Historiquement, les interventions de la BNS sur le marché des changes ont freiné le renforcement du franc suisse par rapport à la monnaie commune. Le recul du taux de change réel du franc, sous l’effet de l’appréciation du dollar américain, rend toutefois de telles interventions moins urgentes. Si les Etats-Unis venaient à imposer des droits de douane sur les exportations suisses, le dollar pourrait se raffermir encore par rapport au franc suisse – un mouvement qui serait cependant de courte durée.
La Suisse continuera à faire figure d’exception sur le plan économique, avec des taux d’intérêt structurellement plus bas que ceux des autres marchés développés. Son taux directeur «neutre», qui ne stimule ni ne freine l’économie, est de 0,5% selon nos estimations, bien en deçà des autres marchés. Pour les investisseurs suisses, générer des rendements par le biais d’obligations souveraines ou d’obligations d’entreprise suisses représente ainsi un défi.

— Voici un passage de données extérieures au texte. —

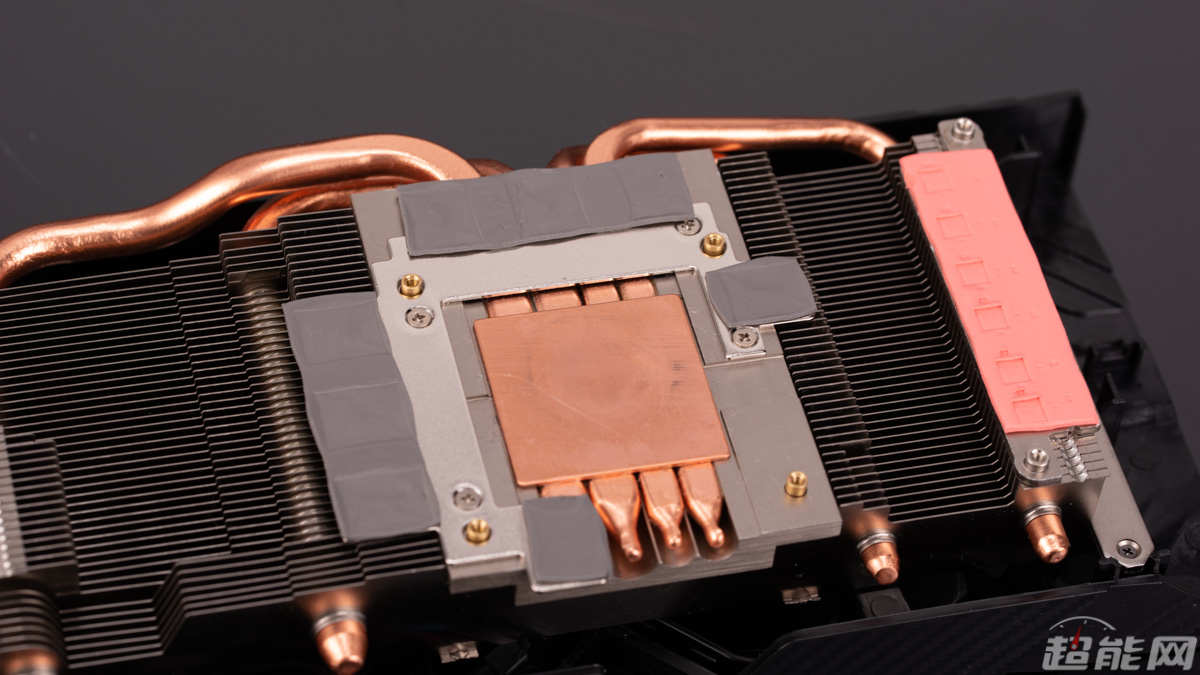 GTX1070显卡揭秘：核心技术全解析
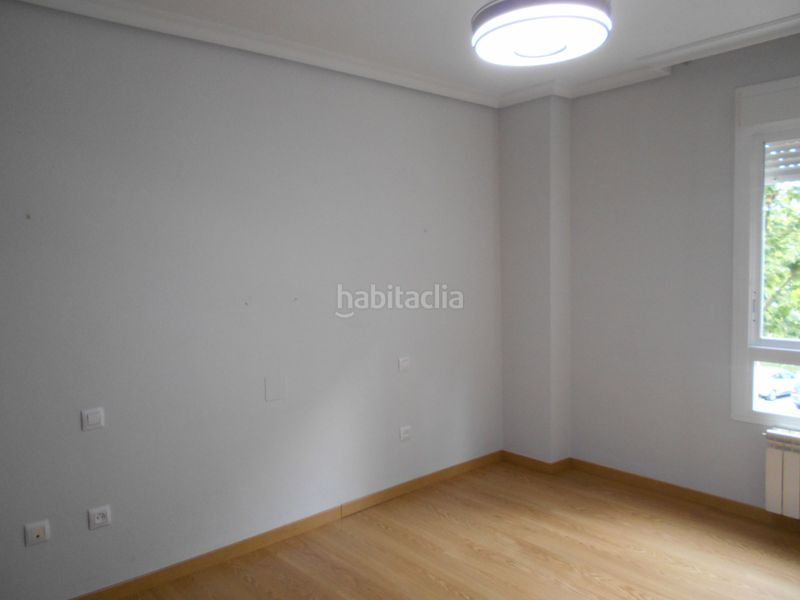 Foto 3dfad4f4-75b2-41da-b364-6983662f67ce. Pis amb calefacció aparcament a Larache Ciudad Real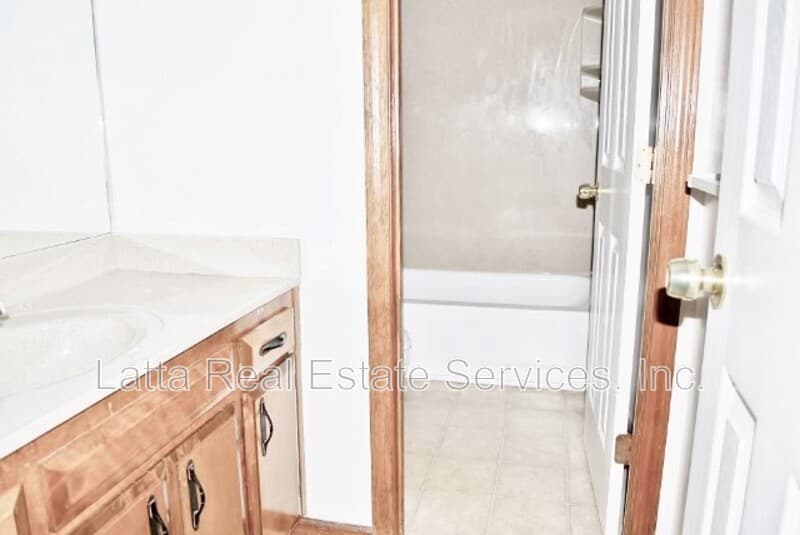 Blue Springs Condo: 3249 NW Mill Dr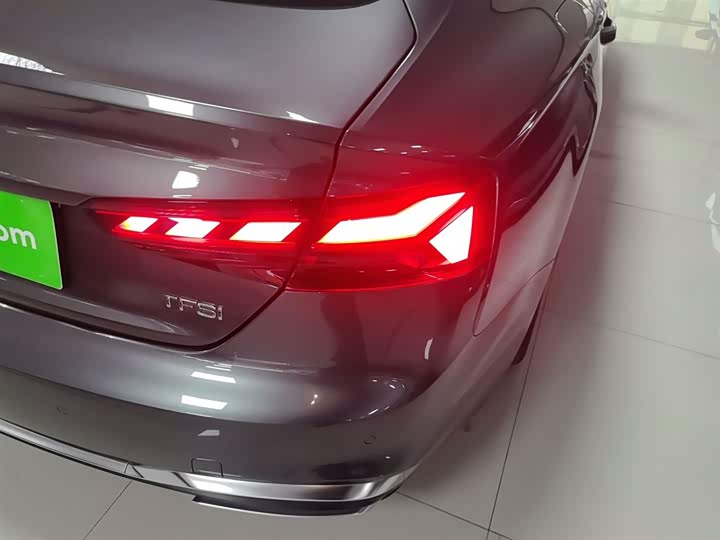 Фото 8 - Audi A5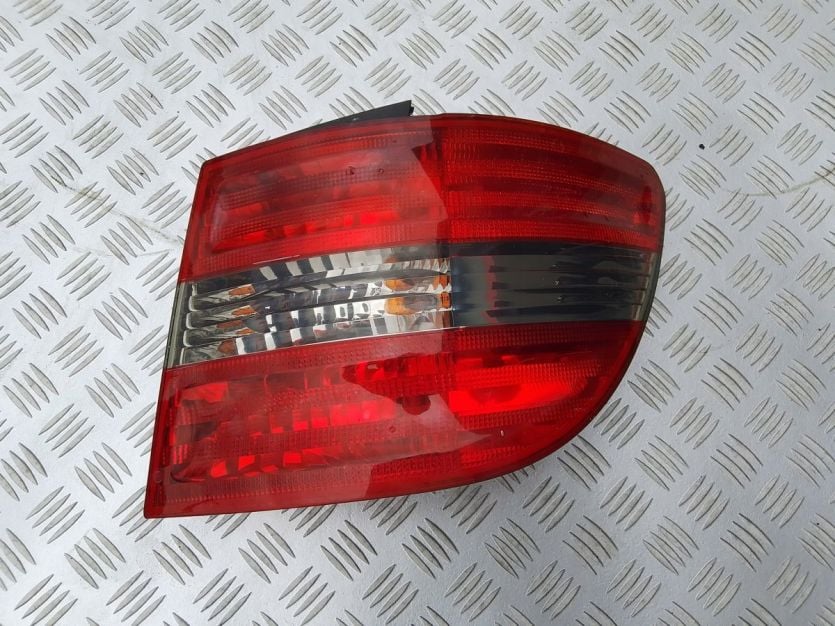 MERCEDES B KLASA W245 2008 LAMPA PRAWY TYL PRAWA TYLNA A1698202664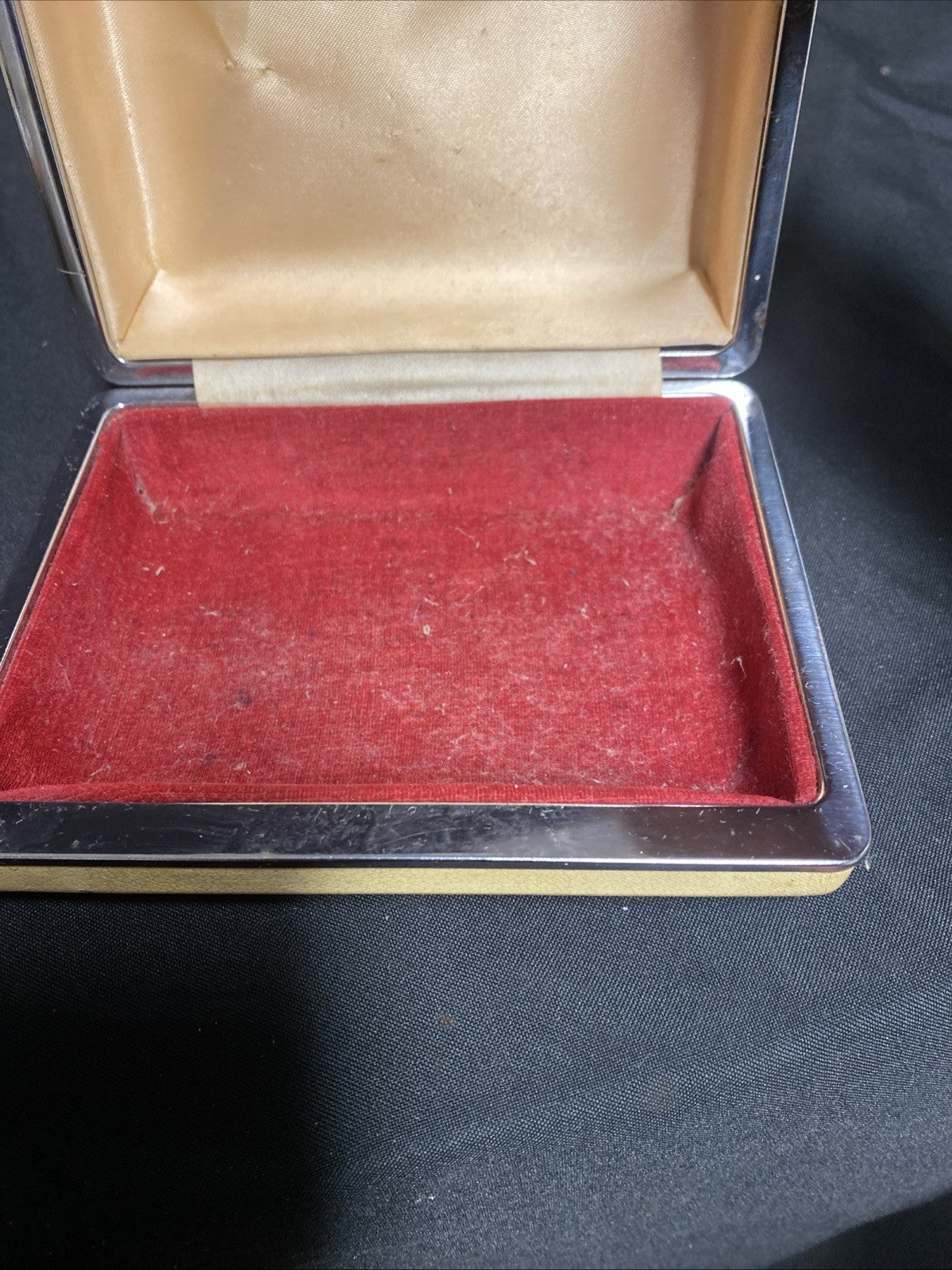 Fashioned by Farrington Vintage Genuine Texol Jewellery Box 1950's - (1811)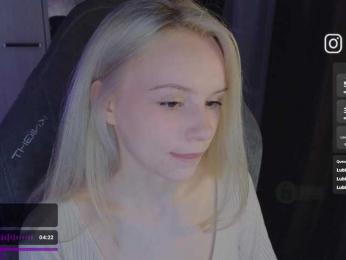 fymryn — Bongacams recorded stream image, 25.06.2025 18:20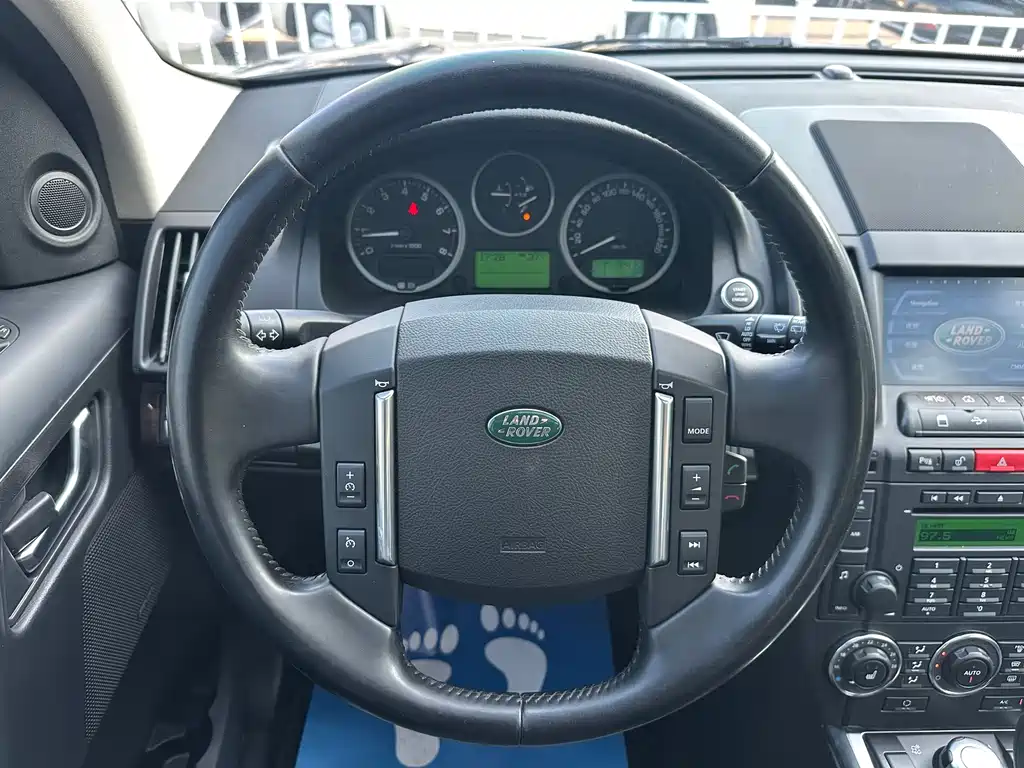 Land Rover Freelander 2 2011 — фото 11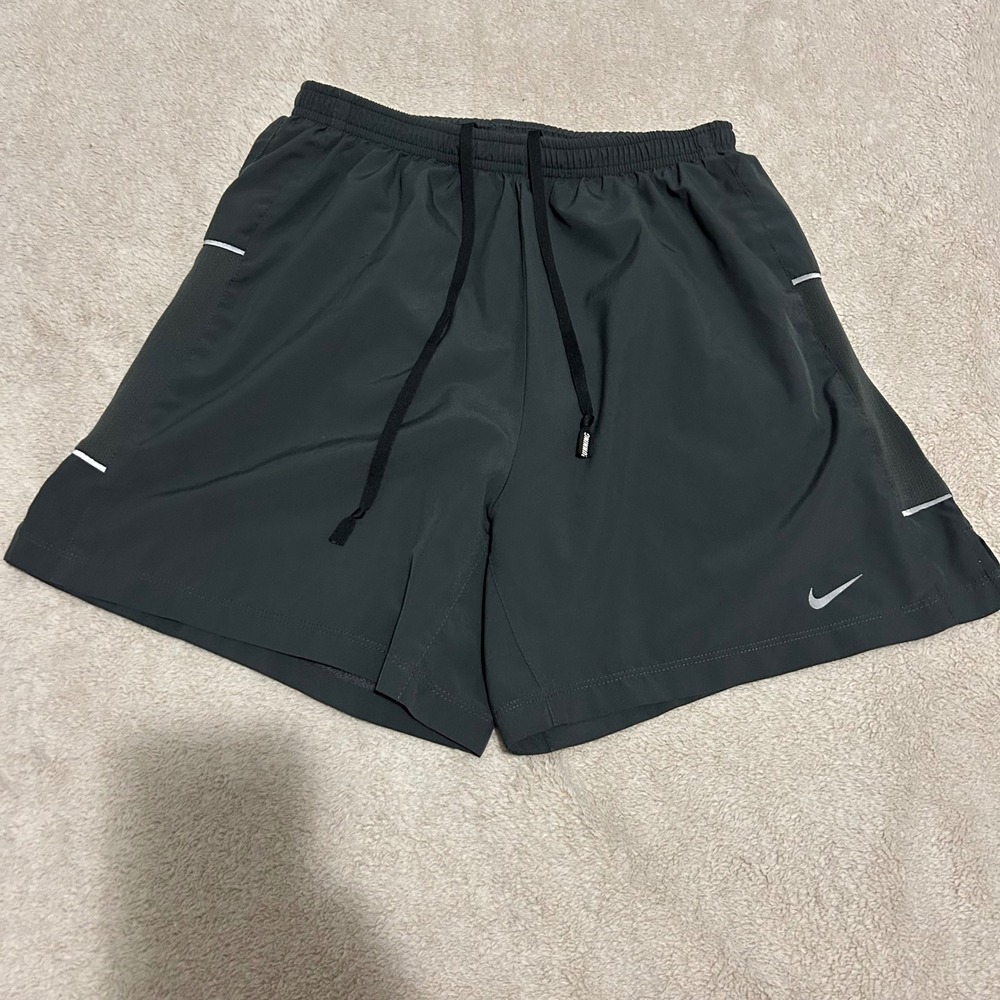 Nike Dri-FIT Running Shorts Mens Small 5" Dark Gray Reflective Mesh Athletic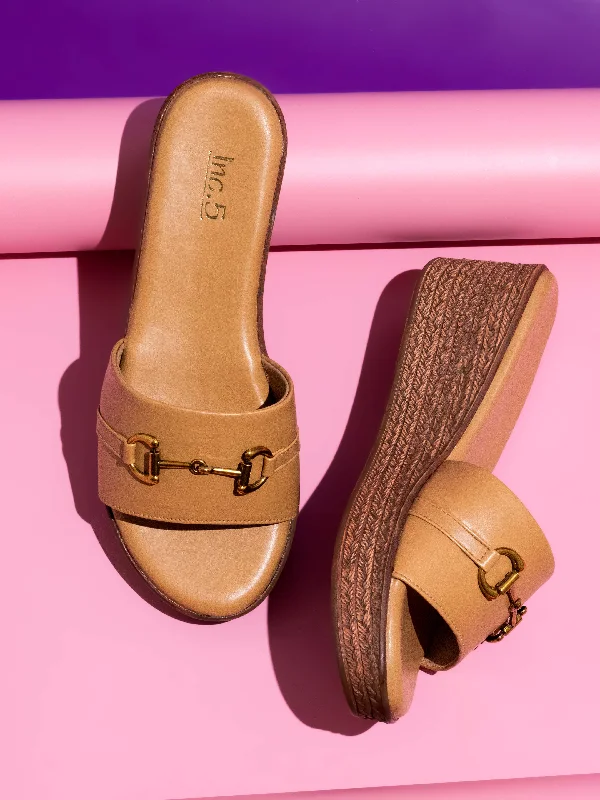 Slip-Resistant Casual Shoes Women Beige And Gold-Toned Open Toe Wedge Heels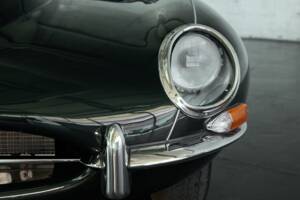 Image 27/50 de Jaguar E-Type (1970)
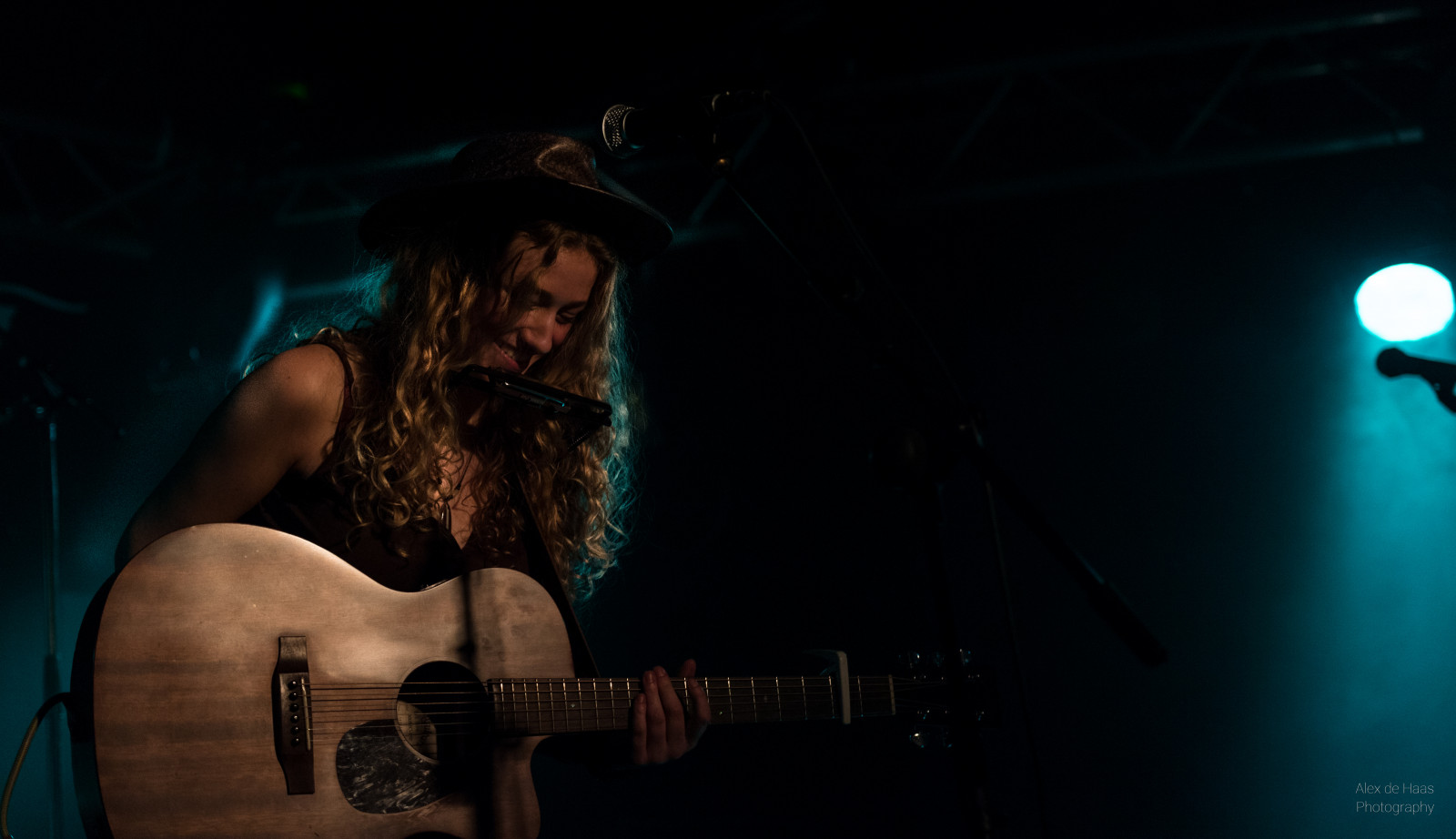 70,2 mila millimetri, d5, olandese, Heerhugowaard, jckompleks, Nederland, Nederlands, Olanda, NIKKOR, nikkor70200mm, Nikon, nikond5, Rosemarin, rosemarijn, rosemarijnstrijker, Strijker, Paesi Bassi, afscheidsconcertcrowdcontrol, dilettante, artiest, artista, gruppo musicale, cityofheerhugowaard, concerto, evenement, evento, femmina, divertimento, gebeurtenis, ragazza, chitarra, gitarist, chitarra, chitarrista, meisje, musica, musicista, Musicus, Muziek, Muzikant, Muzikanten, optreden, prestazione, plezier, podio, pop, registratie, registrazione, roccia, cantante, cantautore, assolo, compositore di canzoni, palcoscenico, vrouw, zangeres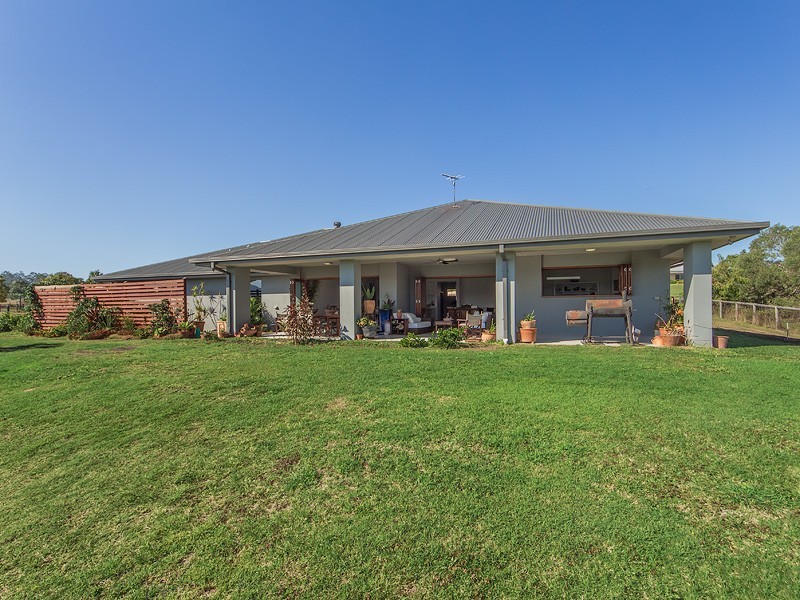 2 Freshwater Place, Karalee QLD 4306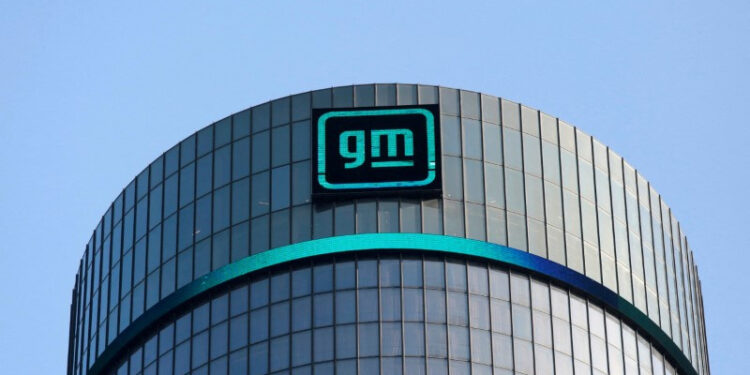 A GM planeja investir 4 bilhões de dólares em fábricas nos Estados Unidos, apesar das ameaças de aumento de tarifas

Contrairement aux anticipations du marché, les obligations libellées en francs suisses ont surperformé en 2024. Pourront-elles continuer à afficher de tels rendements dans l’éventualité d’une nouvelle baisse du taux directeur? Si le taux final de la BNS devait atteindre zéro, les obligations de la Confédération pourraient offrir un rendement total proche de 1,3%. Leurs homologues européennes devraient pour leur part surperformer, dans la mesure où nous tablons sur un taux final de la BCE de 1,25% d’ici à fin 2025.
Du côté du crédit, nous pensons aussi que les obligations libellées en euros surperformeront leurs équivalentes en francs suisses. Nous privilégions par ailleurs les obligations européennes couvertes en francs suisses, étant donné le coût élevé des couvertures d’obligations libellées en dollars américains et donc de leur impact sur la performance en francs suisses.
Compte tenu des taux suisses bas, une exposition à l’immobilier suisse peut constituer une source alternative de revenus au fil du temps. Du point de vue de l’investisseur, le secteur est soutenu par de faibles taux de vacance, une forte demande et des valeurs locatives en hausse, renforcée par les fondamentaux. L’écart de rendement et les valorisations actuelles indiquent que le rendement excédentaire attendu des investissements immobiliers dépasse de plus de 2,5% celui des obligations suisses de qualité.
En janvier, la bourse suisse a enregistré d’excellentes performances. Nous maintenons l’exposition aux actions suisses à des niveaux stratégiques dans nos portefeuilles multi-actifs. Les valorisations sont actuellement neutres, en ligne avec leurs moyennes de long terme, et le marché se concentre sur une poignée de secteurs tels que les biens de consommation courante ou la santé, dont les tendances fondamentales s’améliorent.